Venture into the beautiful landscape of Iao Valley State Park. This beautiful park features paved walkways and picnic areas, making it largely accessible. Although the famous Iao Needle Lookout Trail isn’t wheelchair-accessible, the Kepaniwai Heritage Gardens offers some accessible paths through culturally themed gardens that pay tribute to Maui’s heritage.

Be sure to spend some time in Lahaina, once the royal capital of the Kingdom of Hawaii, is now a lively town offering a blend of history and fun. Its Front Street is a fully accessible area, dotted with art galleries, shops, restaurants, and historic sites. Don’t miss the massive, century-old Banyan Tree that fills  Lahaina’s Courthouse Square.

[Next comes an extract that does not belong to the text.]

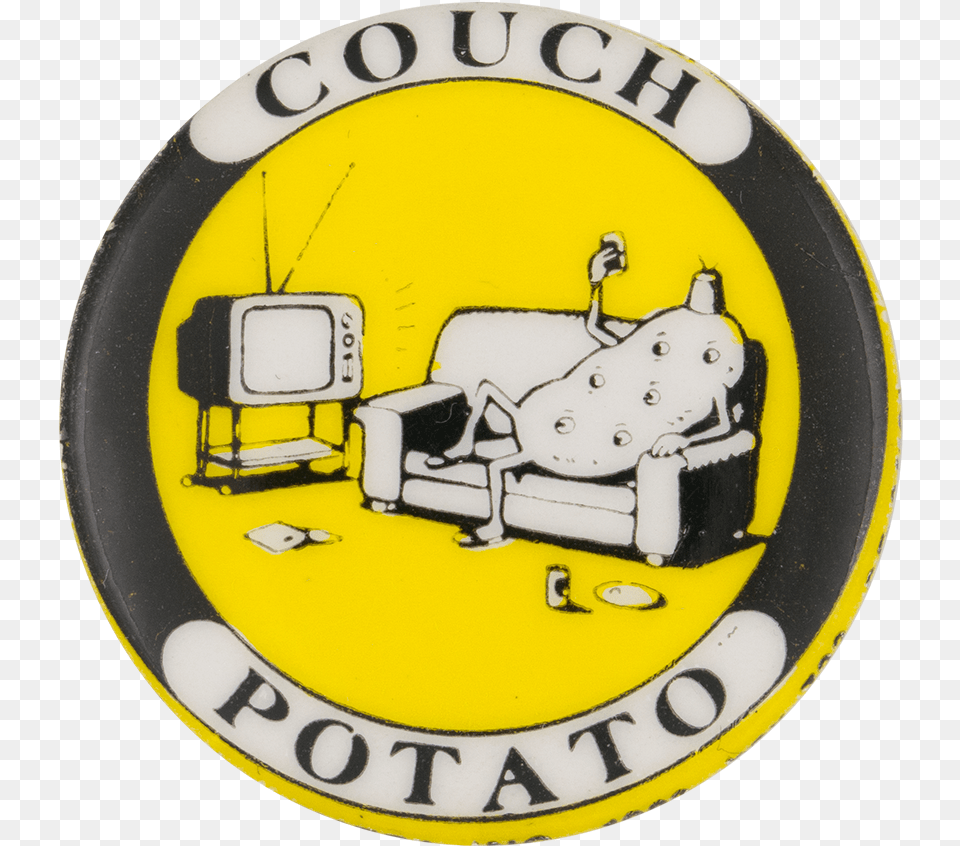 Couch Potato Humorous Button Museum Illustration, Badge, Logo, Symbol Png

Explore Maui’s agricultural side at the Ali’i Kula Lavender Farm. With some accessible paths and facilities, it is possible to enjoy the calming effects and aroma of 45 different varieties of lavender. The  farm is located on the slope of Haleakala at an elevation of 4,000 feet so it’s on an incline and you may need help navigating this farm.

Beaches

Maui’s most famous beach, Ka’anapali Beach, is also notably accessible. The beach boardwalk is wheelchair-friendly, and beach wheelchairs can be rented from nearby hotels. The beach is known for its clear, warm waters and stunning sunsets.  You can also check out Wailea Beach with an accessible path and a beach wheelchair for rent.

Luaus

There’s no better way to end your day on Maui than with a traditional luau –  a feast of traditional Hawaiian food combined with Polynesian cultural performances. Old Lahaina Luau and Royal Lahaina Luau are renowned for their authenticity and hospitality. Both offer wheelchair accessibility as do many of the resort luaus and you should contact them to make sure your personal needs are met.

Tours

Touring Maui’s scenic Hana Highway is an unforgettable Maui experience, and it’s worth noting that many spots along this route are not fully accessible. However, some tour companies offer customized, accessible tours. One tour that should be on your list is the Haleakala Sunrise Tour!  On this tour, you’ll be 10,000 feet above sea level on the crater summit of the dormant volcano Haleakala! This Maui sunrise tour of the Haleakala National Park lets you see a beautiful sunrise from above the clouds followed by a  delicious breakfast

Maui is a beautiful island with so many accessible activities for people with disabilities. Words cannot fully describe the beauty of the Hawaiian islands and the hospitality of the Hawaiian people.  So, contact a reputable travel agent who specializes in accessible trips, such as Travel for All, create an amazing accessible itinerary, and experience the trip of a lifetime!  I can’t wait to get back to Maui!